Я ему все православие и объяснил, а он не то слушает, не то нет, а сам все на собак погикивает да орстелем машет.

– Ну, понял ли, – спрашиваю, – что я тебе говорил?

– Как же, бачка, понял: свинью в море топил, слепому на глаза плевал, – слепой видел, хлебца-рыбка народца дал.

Засели ему в лоб эти свиньи в море, слепой да рыбка, а дальше никак и не поднимется… И припомнились мне Кириаковы слова о их жалком уме и о том, что они сами не замечают, как края ризы касаются. Что же? и этот, пожалуй, крайка коснулся, но уж именно только коснулся – чуть-чуть дотронулся; но как бы ему более дать за нее ухватиться? И вот я и попробовал с ним как можно проще побеседовать о благе Христова примера и о цели его страдания, – но мой слушатель все одинаково невозмутимо орстелем помахивает. Трудно мне было себя обольщать: вижу, что он ничего не понимает.

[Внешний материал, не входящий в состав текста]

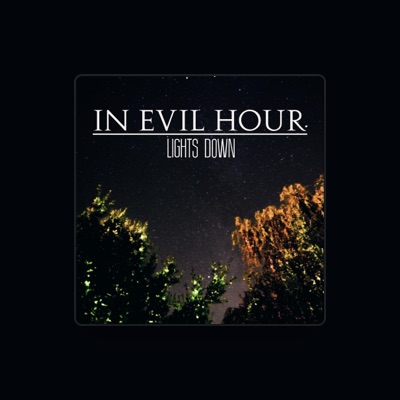 Listen to In Evil Hour, watch music videos, read bio, see tour dates & more!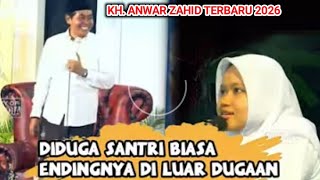 KH ANWAR ZAHID LATEST 2026 | THOUGHT TO BE AN ORDINARY STUDENT, TURNED OUT TO BE UNEXPECTED ABAH ...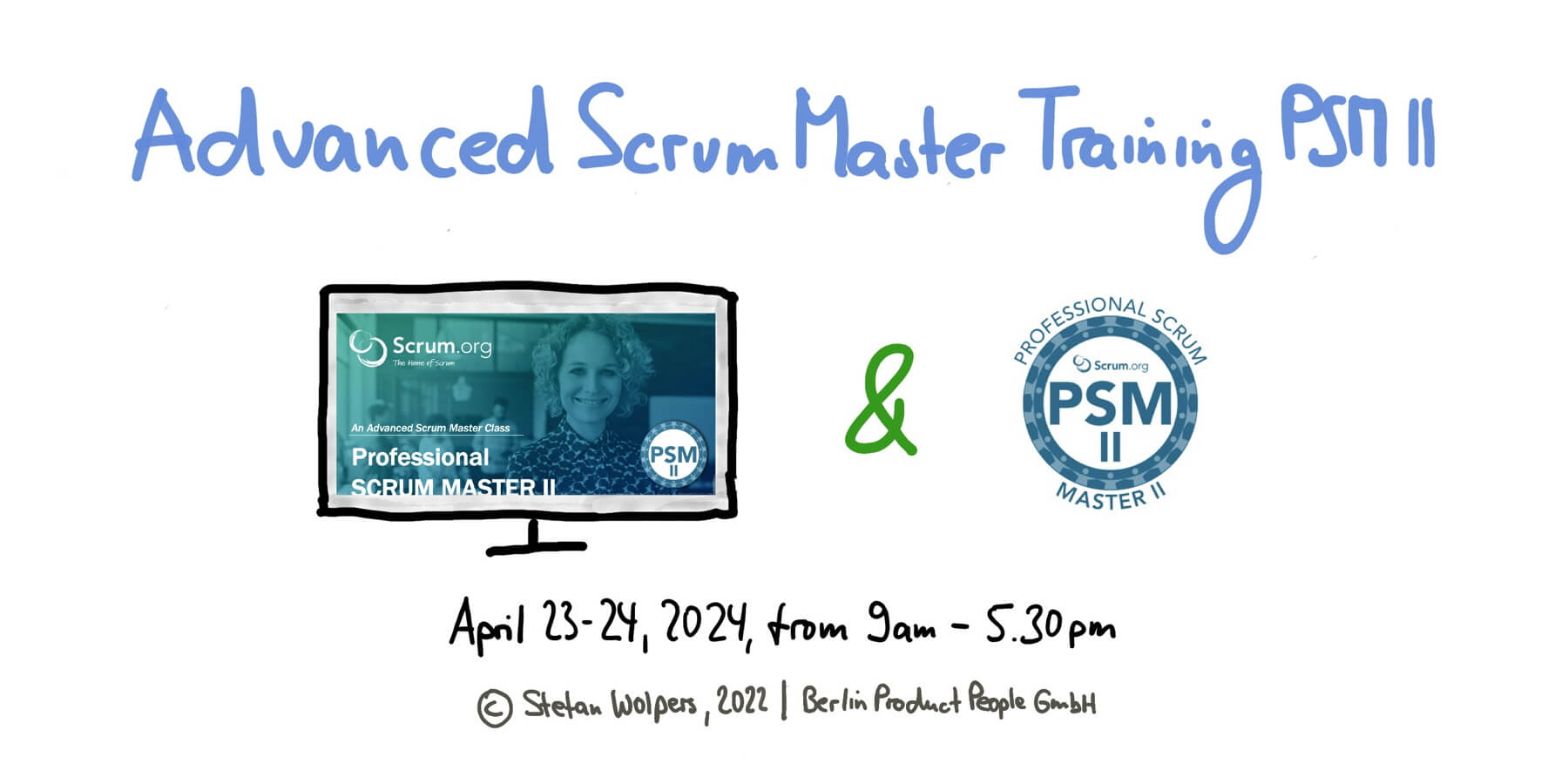 Advanced Professional Scrum Master Online Training w/ PSM II Certificate — April 23-24, 2024 — Berlin-Product-People.com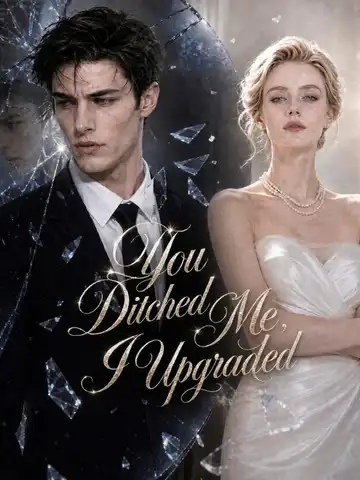 You Ditched Me, I Upgraded poster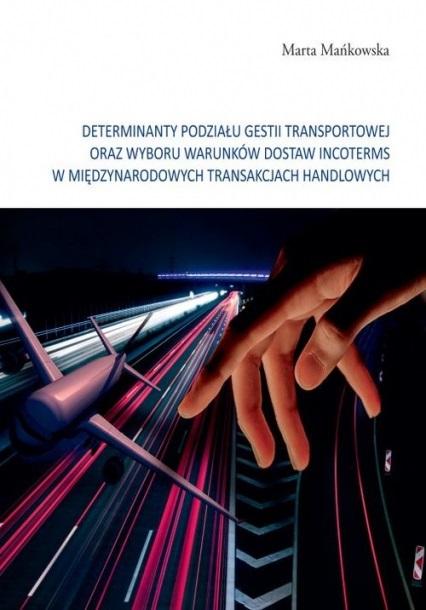 Książka - Determinanty podziału gestii transportowej..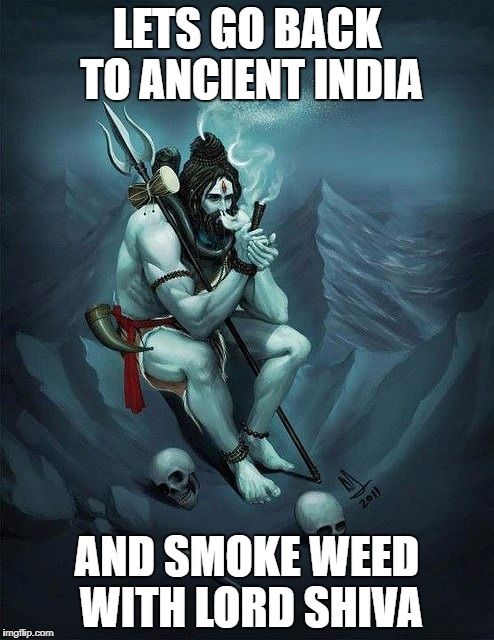 Lord Shiva Smoking | LETS GO BACK TO ANCIENT INDIA; AND SMOKE WEED WITH LORD SHIVA | image tagged in lord shiva smoking | made w/ Imgflip meme maker
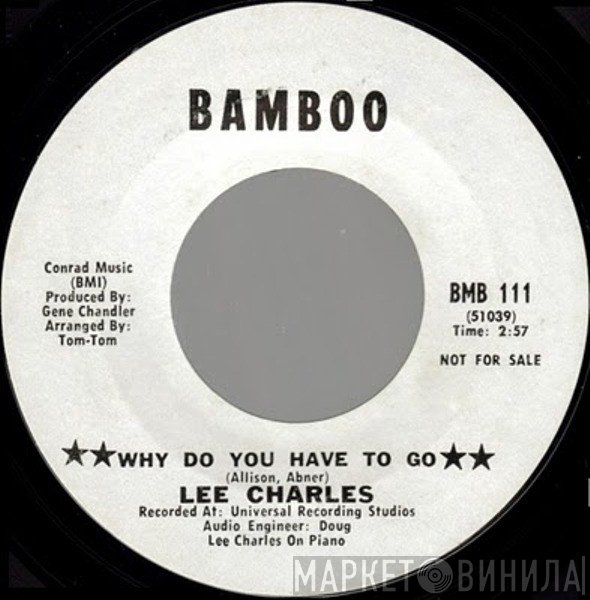 Lee Charles - Why Do You Have To Go / I Never Want To Lose My Sweet Thing
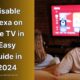 Disable Alexa on Fire TV in Easy Guide in 2024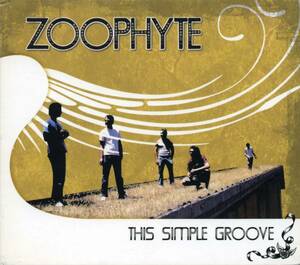 ZOOPHYTE★This Simple Groove [ゾウオファイト]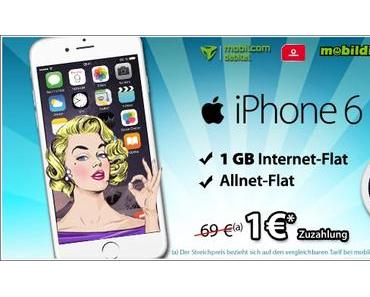 Mobilfunk Angebot: Apple iPhone 6 mit Allnet Flat ab 1 €!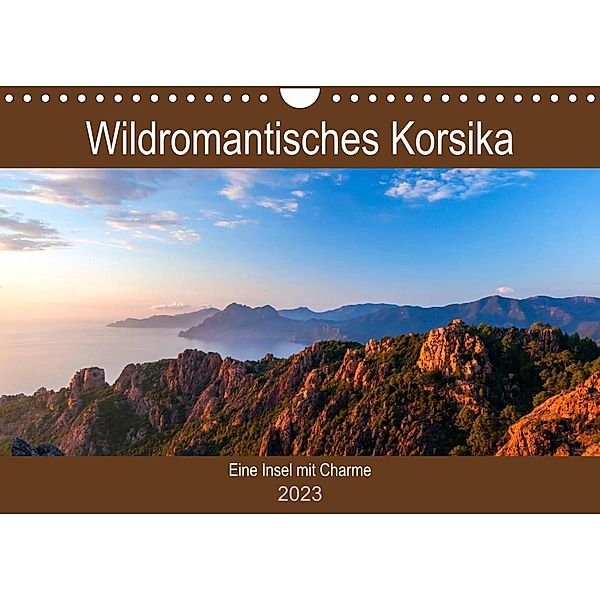 Wildromatisches Korsika (Wandkalender 2023 DIN A4 quer), Janita Webeler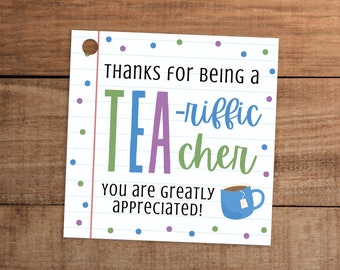 Teacher Appreciation Gift Tag, Tea-riffic Teacher Thank You (Digital Download)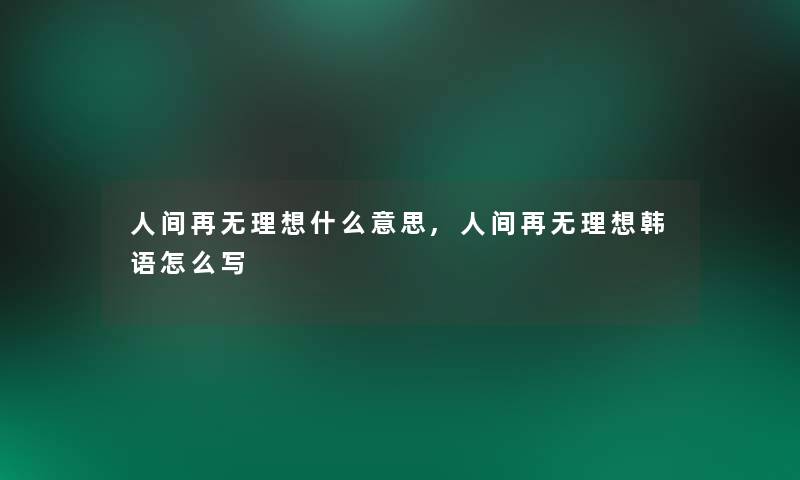 人间再无理想什么意思,人间再无理想韩语怎么写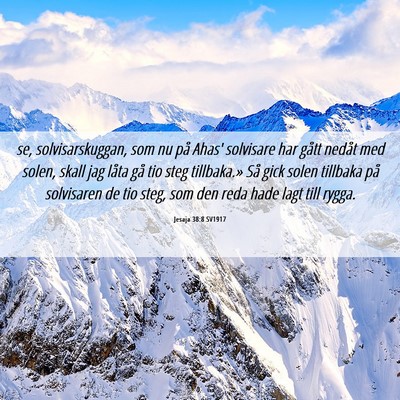 Picture 06 - Jesaja 38:8 SV1917 - se, solvisarskuggan, som nu på Ahas' solvisare - Bible Verse Picture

– Ничего, – спрашиваю, – не понял?

– Ничего, бачка, – все правду врешь; жаль его: он хорош, Христосик.

– Хорош?

– Хорош, бачка, не надо его обижать.

– Вот ты бы его и любил.

– Как, бачка, его не любить?

– Что? ты можешь его любить?

– Как же, бачка, – я, бачка, его и всегда люблю.

– Ну вот и молодец.

– Спасибо, бачка.

– Теперь, значит, тебе остается креститься: он и тебя спасет.

Дикарь молчит.

– Что же, – говорю, – приятель: что ты замолчал?

– Нет, бачка.

– Что такое: "нет, бачка"?

– Не спасет, бачка; за него зайсан бьет, шаман бьет, лама олешков сгонит.

– Да; вот главная беда!

– Беда, бачка.

– А ты и беду потерпи за Христа.

– На что, бачка, – он, бачка, жалостливый: как я дохнуть буду, ему самому меня жаль станет. На что его обижать!